Crawled caption data
════════
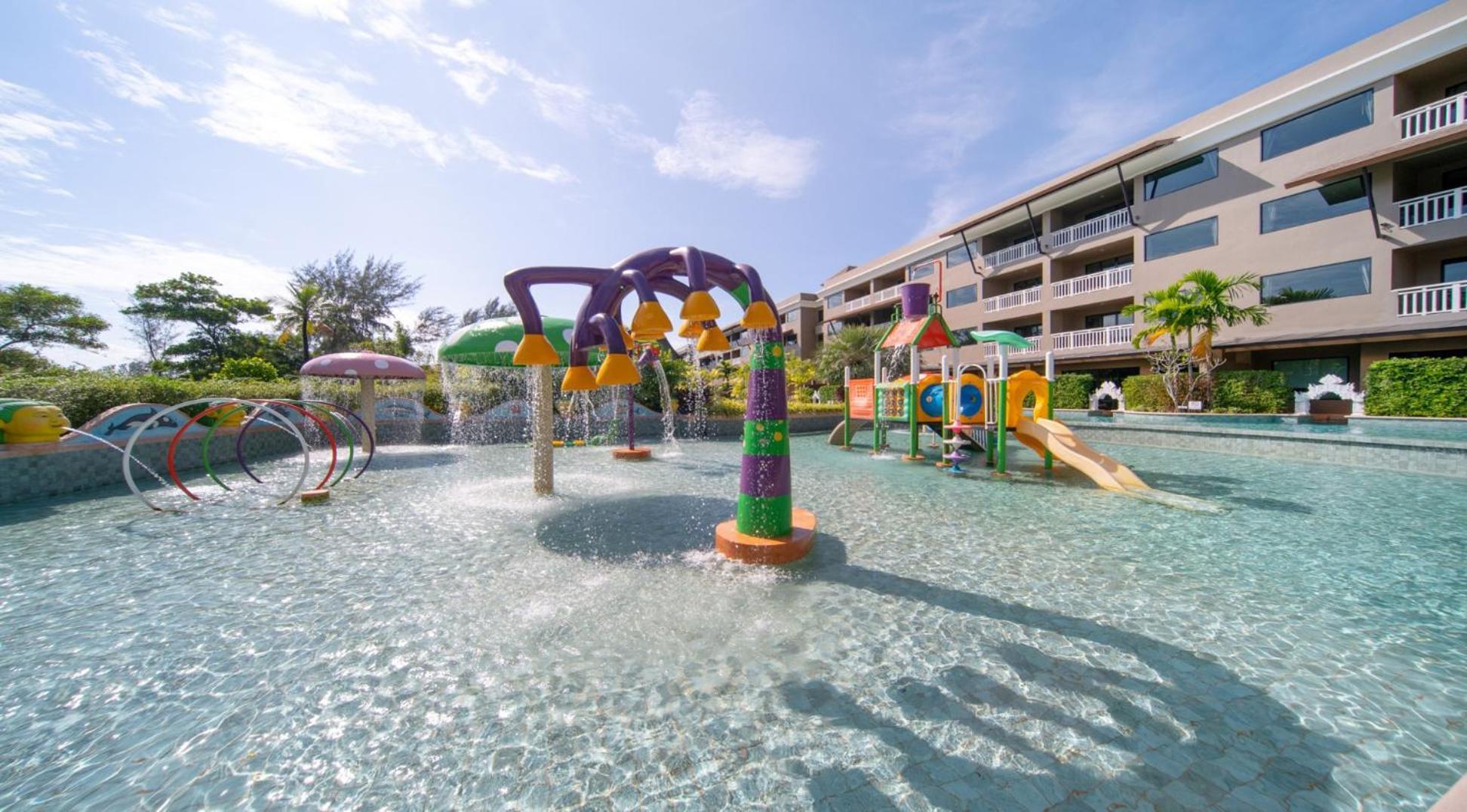 Maikhao Palm Beach Resort - Sha Plus Mai Khao Exteriér fotografie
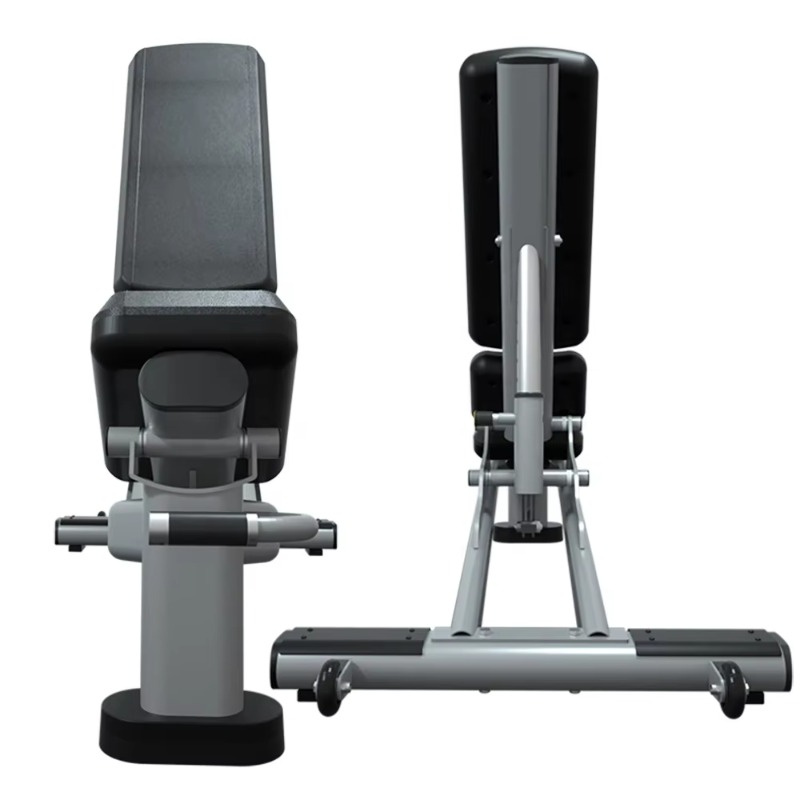 Adjustable Weight Bench - Профессиональная регулируемая скамья для силовых тренировок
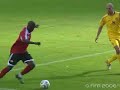 Trinidad & Tobago v Sweden Highlights
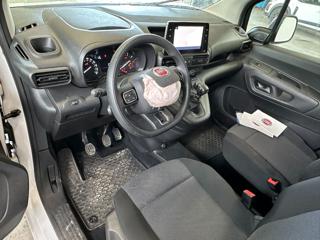 FIAT Doblo usata, con Touch screen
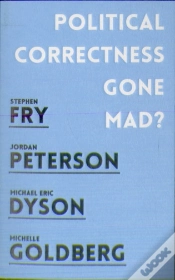 Capa do artigo Political Correctness Gone Mad?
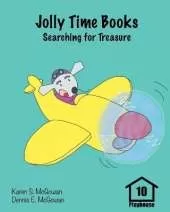 Jolly Time Books: Searching for Treasure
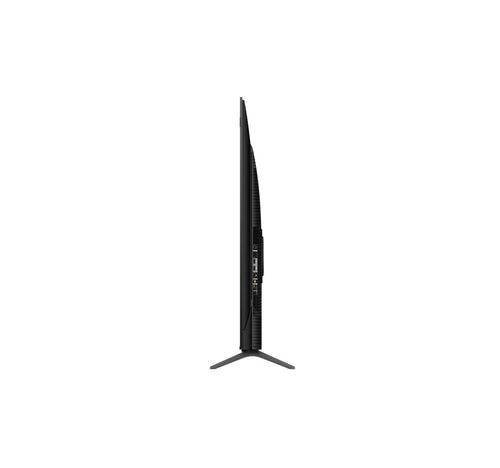 TCL P8K 55 inches 4K Smart QLED TV (2025), 55P8K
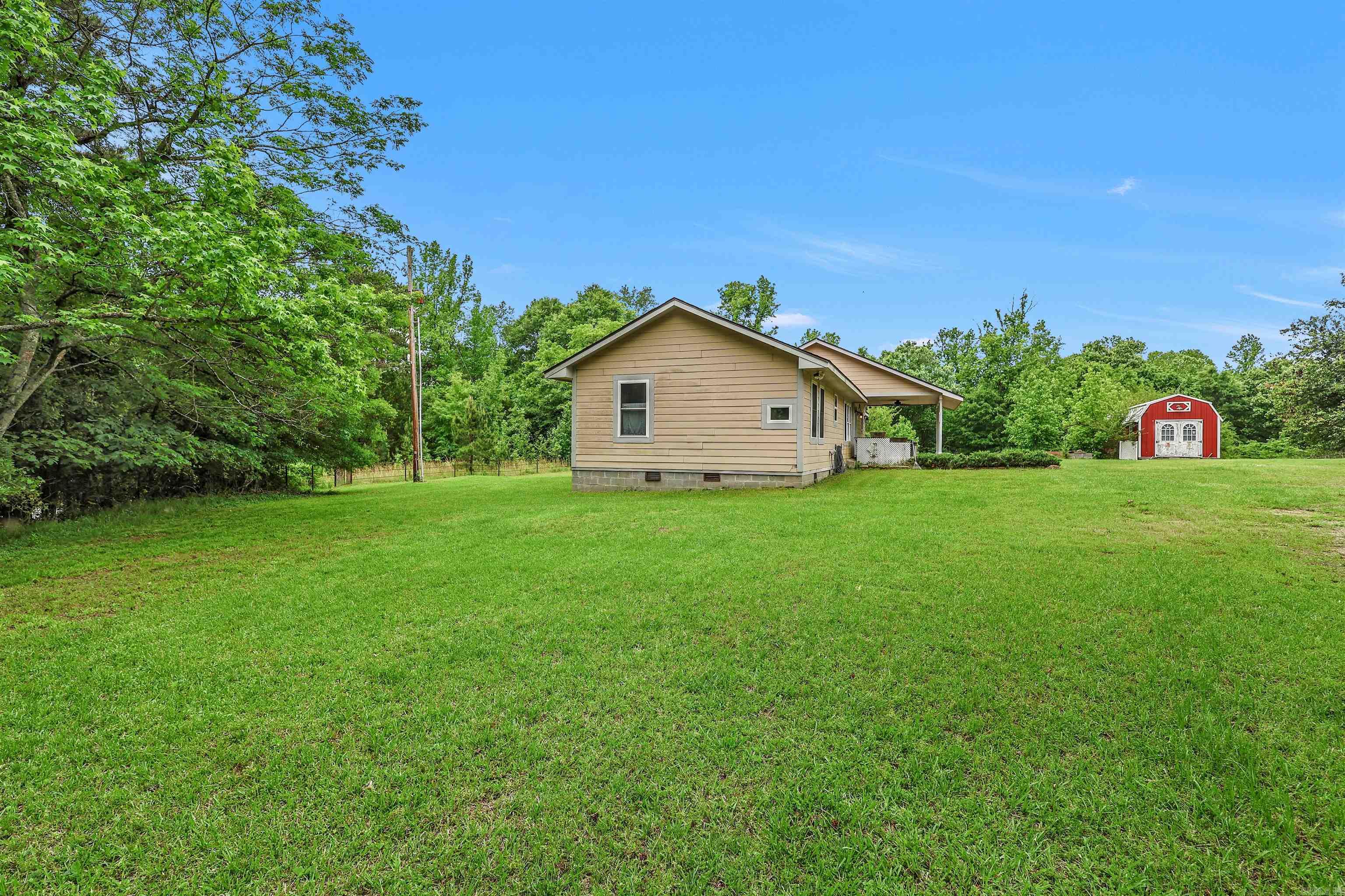 549 Oak Grove  Caddo Gap, AR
════════
Your goal
The copy you give must repeat each record character for character, but it must not include the pictures.

Task output
 Maikhao Palm Beach Resort - Sha Plus Mai Khao Exteriér fotografie
 Adjustable Weight Bench - Профессиональная регулируемая скамья для силовых тренировок
 Trinidad & Tobago v Sweden Highlights
 FIAT Doblo usata, con Touch screen
 Capa do artigo Political Correctness Gone Mad?
 Jolly Time Books: Searching for Treasure
 TCL P8K 55 inches 4K Smart QLED TV (2025), 55P8K
 549 Oak Grove  Caddo Gap, AR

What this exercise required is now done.